SparseGrad: A Selective Method for Efficient Fine-tuning of MLP Layers

TL;DR

SparseGrad is a novel parameter-efficient fine-tuning method that selectively updates MLP layers in Transformer models by sparsifying gradients, leading to better performance with less memory usage.

Contribution

It introduces SparseGrad, a new gradient sparsification technique for MLP blocks, improving fine-tuning efficiency and effectiveness over existing PEFT methods.

Findings

Outperforms LoRA and MeProp on BERT, RoBERTa, and LLaMa-2 tasks.

Reduces parameter updates to about 1% of layer elements.

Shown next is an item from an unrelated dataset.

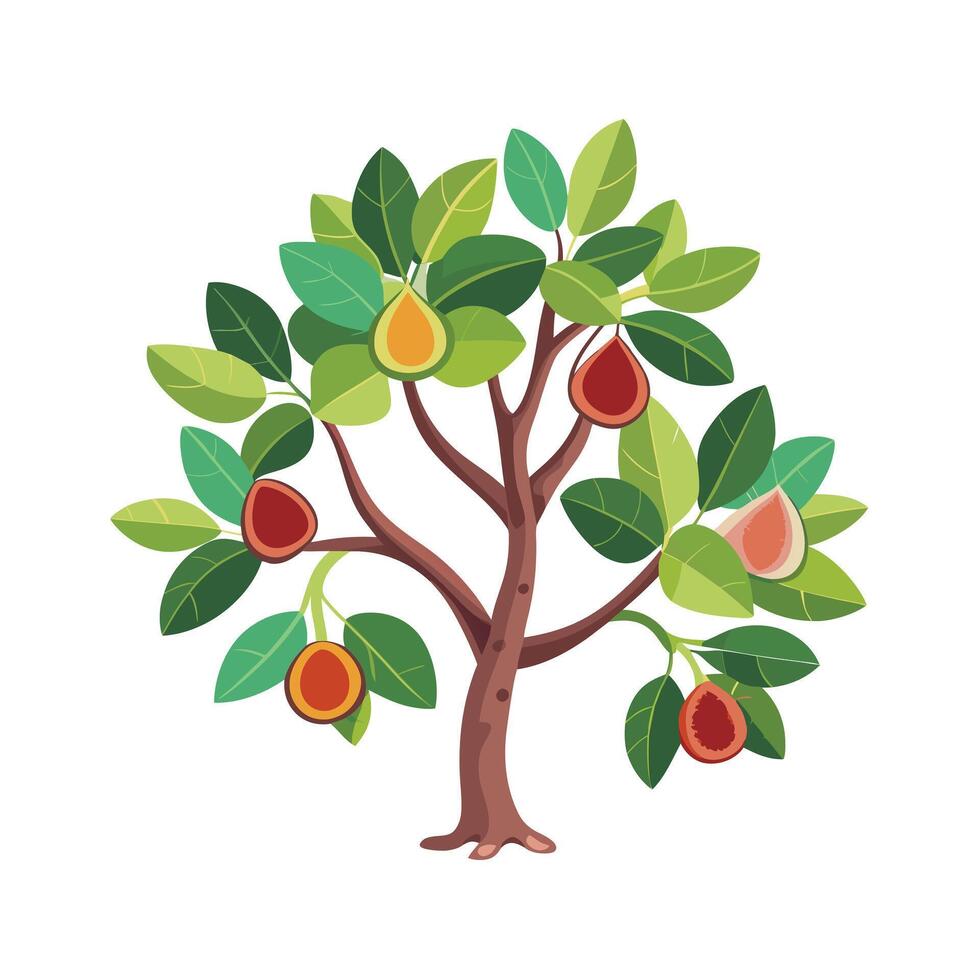 Beautiful Single Big Tree Illustration vector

Achieves better results with identical memory constraints.

Abstract

The performance of Transformer models has been enhanced by increasing the number of parameters and the length of the processed text. Consequently, fine-tuning the entire model becomes a memory-intensive process. High-performance methods for parameter-efficient fine-tuning (PEFT) typically work with Attention blocks and often overlook MLP blocks, which contain about half of the model parameters. We propose a new selective PEFT method, namely SparseGrad, that performs well on MLP blocks. We transfer layer gradients to a space where only about 1\% of the layer's elements remain significant. By converting gradients into a sparse structure, we reduce the number of updated parameters. We apply SparseGrad to fine-tune BERT and RoBERTa for the NLU task and LLaMa-2 for the Question-Answering task. In these experiments, with identical memory requirements, our method outperforms LoRA and MeProp, robust popular state-of-the-art PEFT approaches.